#### [Task to carry out]
The result should be an exact copy of the data, free of pictures.

#### [Data]

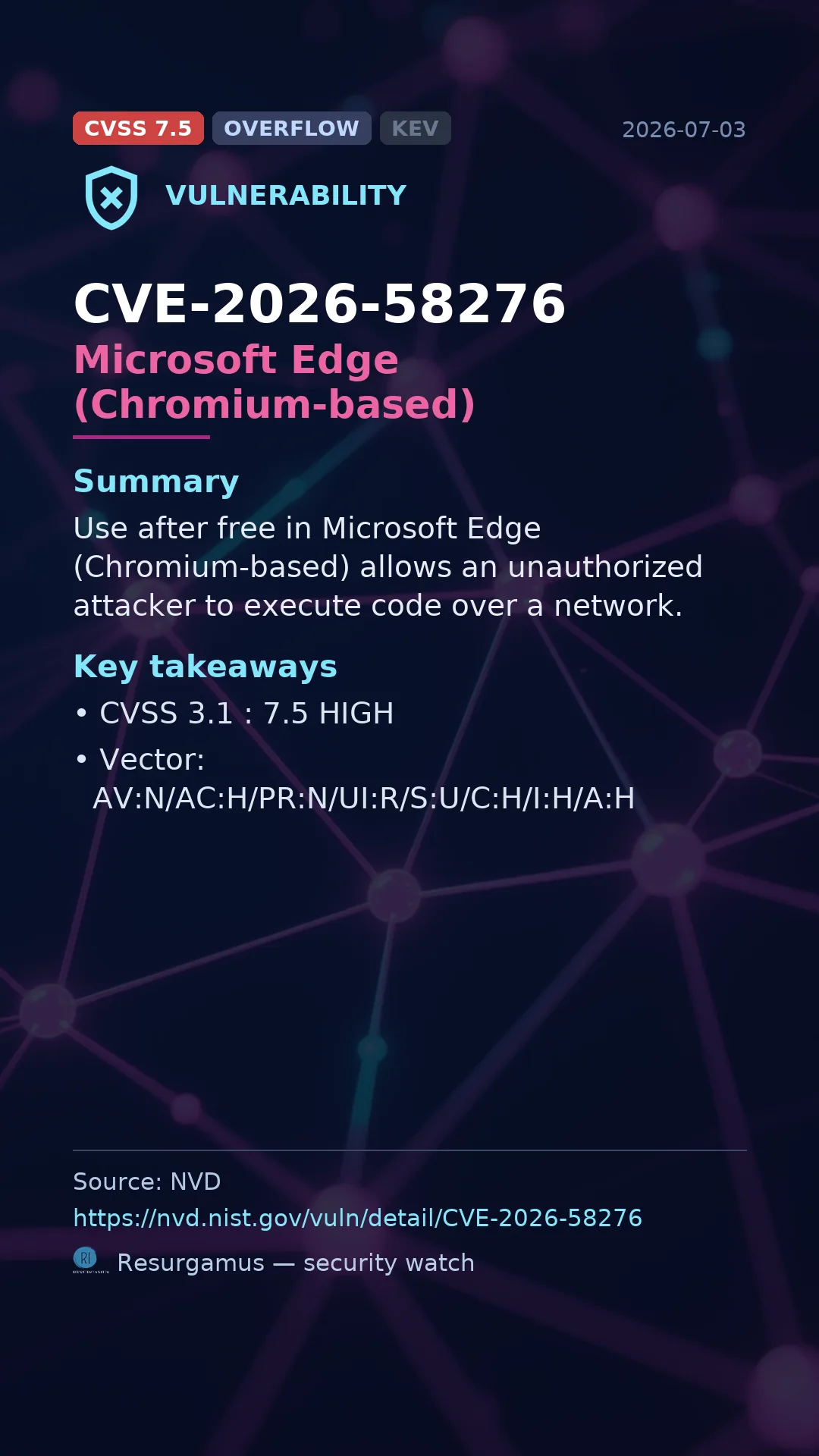 CVE-2026-58276 Microsoft Edge (Chromium-based) Vulnerability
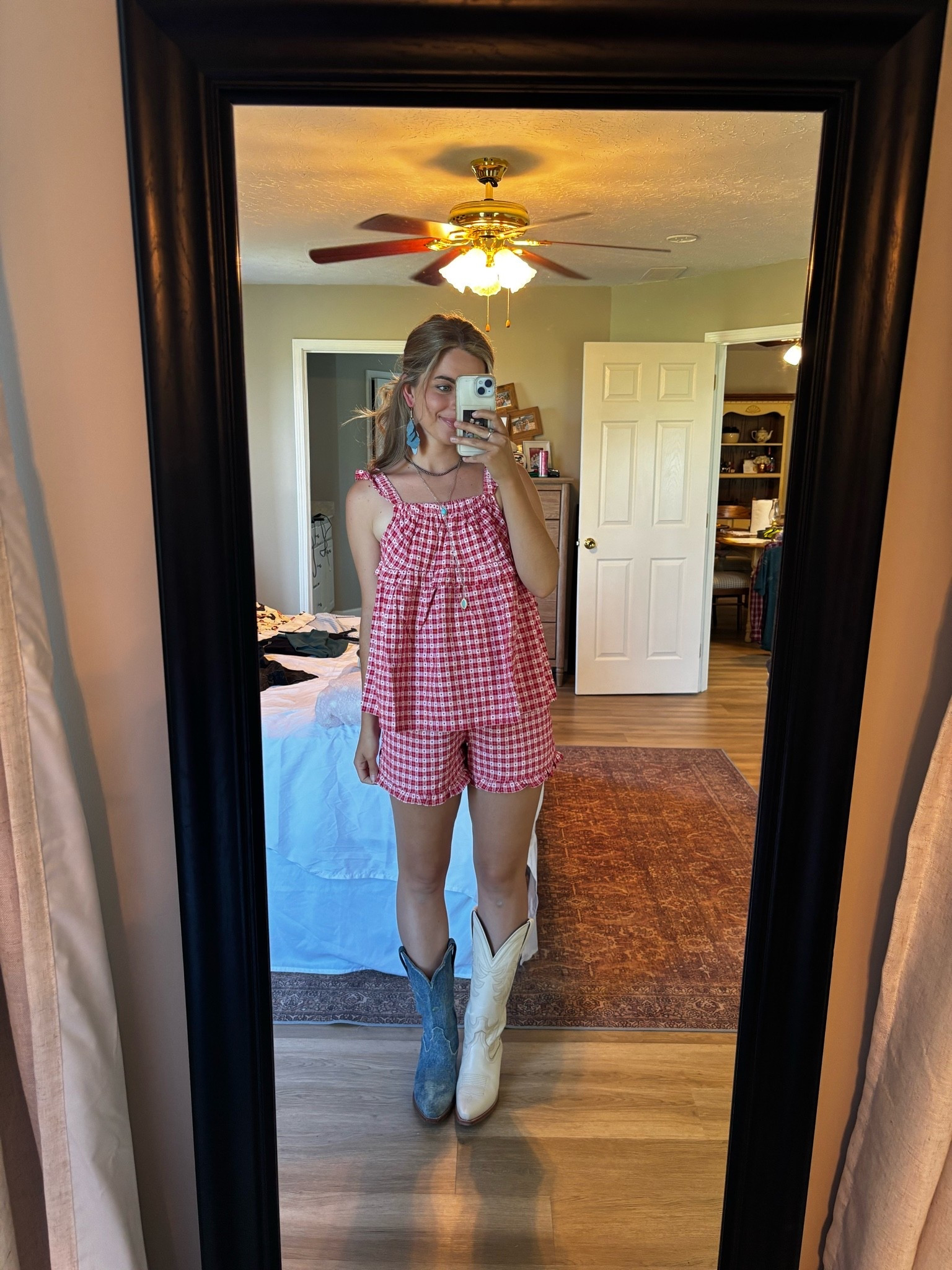 4th of July ootd! Happy 250th birthday America! Use code July4 @Three Bird Nest for 40% off my fit! Earrings are @Nickel & Suede

#LTKgrwm #LTKootd #LTKSeasonal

#### [Written answer]
 CVE-2026-58276 Microsoft Edge (Chromium-based) Vulnerability
 4th of July ootd! Happy 250th birthday America! Use code July4 @Three Bird Nest for 40% off my fit! Earrings are @Nickel & Suede

#LTKgrwm #LTKootd #LTKSeasonal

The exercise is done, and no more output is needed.